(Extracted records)

--- START ---

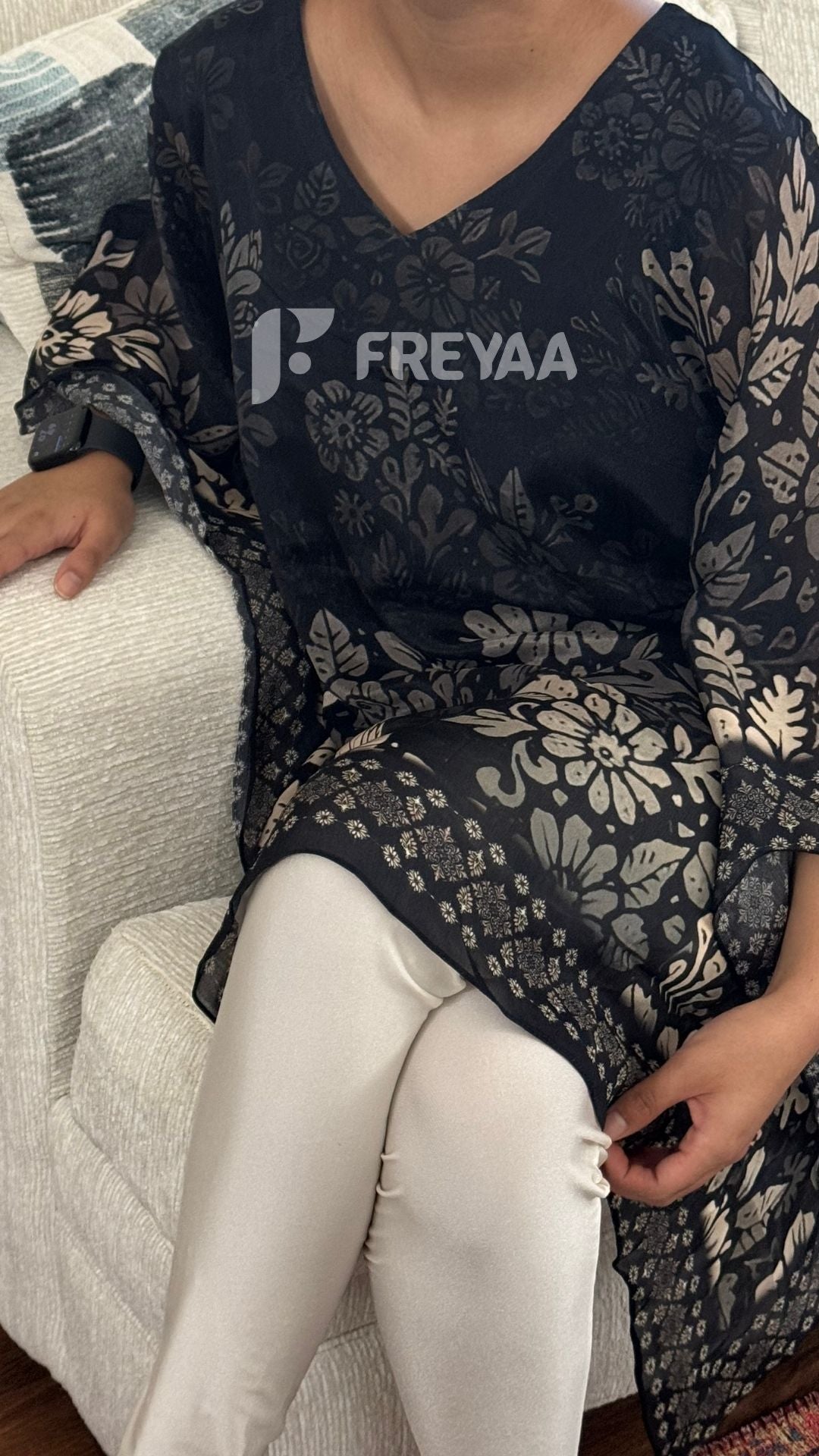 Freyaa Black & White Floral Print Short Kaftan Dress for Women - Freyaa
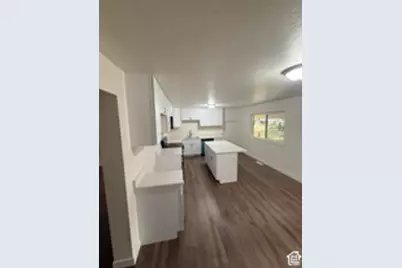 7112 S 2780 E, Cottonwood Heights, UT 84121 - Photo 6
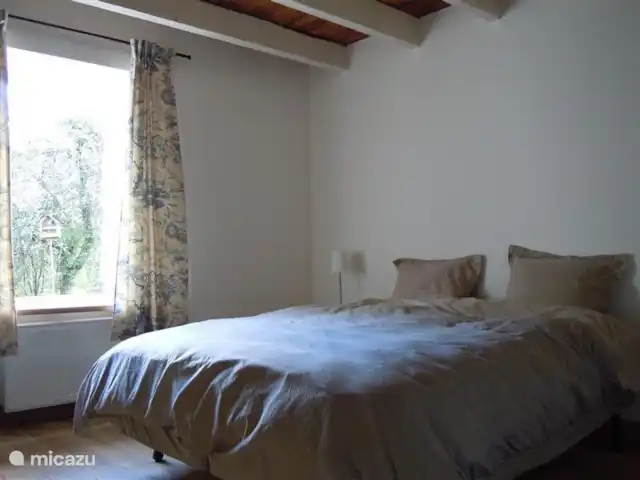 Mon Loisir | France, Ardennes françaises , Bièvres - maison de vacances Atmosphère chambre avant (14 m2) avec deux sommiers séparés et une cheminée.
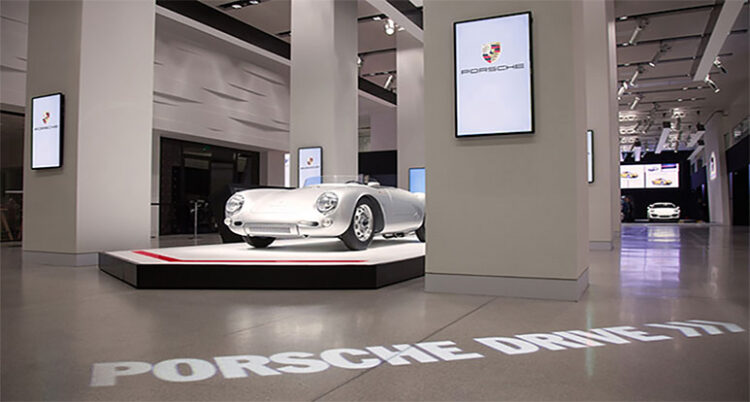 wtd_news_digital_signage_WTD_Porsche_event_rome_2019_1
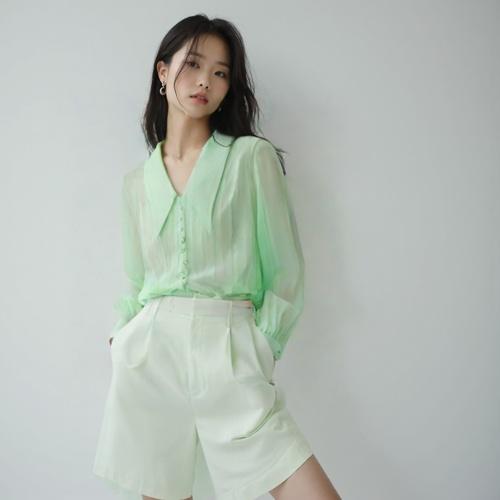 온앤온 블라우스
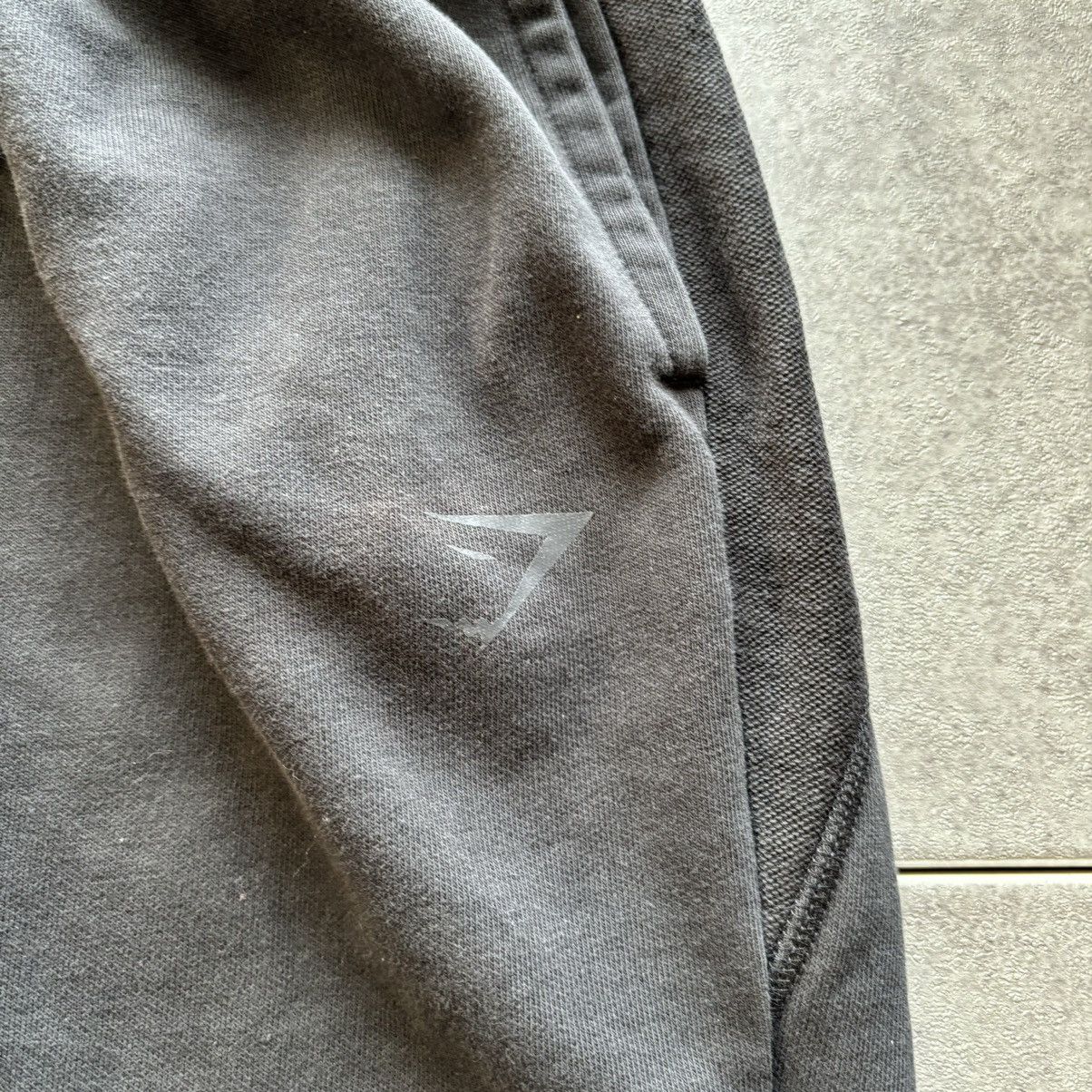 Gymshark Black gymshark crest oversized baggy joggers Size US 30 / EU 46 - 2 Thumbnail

--- END ---

Activity → Wherever an image appears, omit it; copy the rest of the records exactly.

Solution to the problem →
 Freyaa Black & White Floral Print Short Kaftan Dress for Women - Freyaa
 7112 S 2780 E, Cottonwood Heights, UT 84121 - Photo 6
 Mon Loisir | France, Ardennes françaises , Bièvres - maison de vacances Atmosphère chambre avant (14 m2) avec deux sommiers séparés et une cheminée.
 wtd_news_digital_signage_WTD_Porsche_event_rome_2019_1
 온앤온 블라우스
 Gymshark Black gymshark crest oversized baggy joggers Size US 30 / EU 46 - 2 Thumbnail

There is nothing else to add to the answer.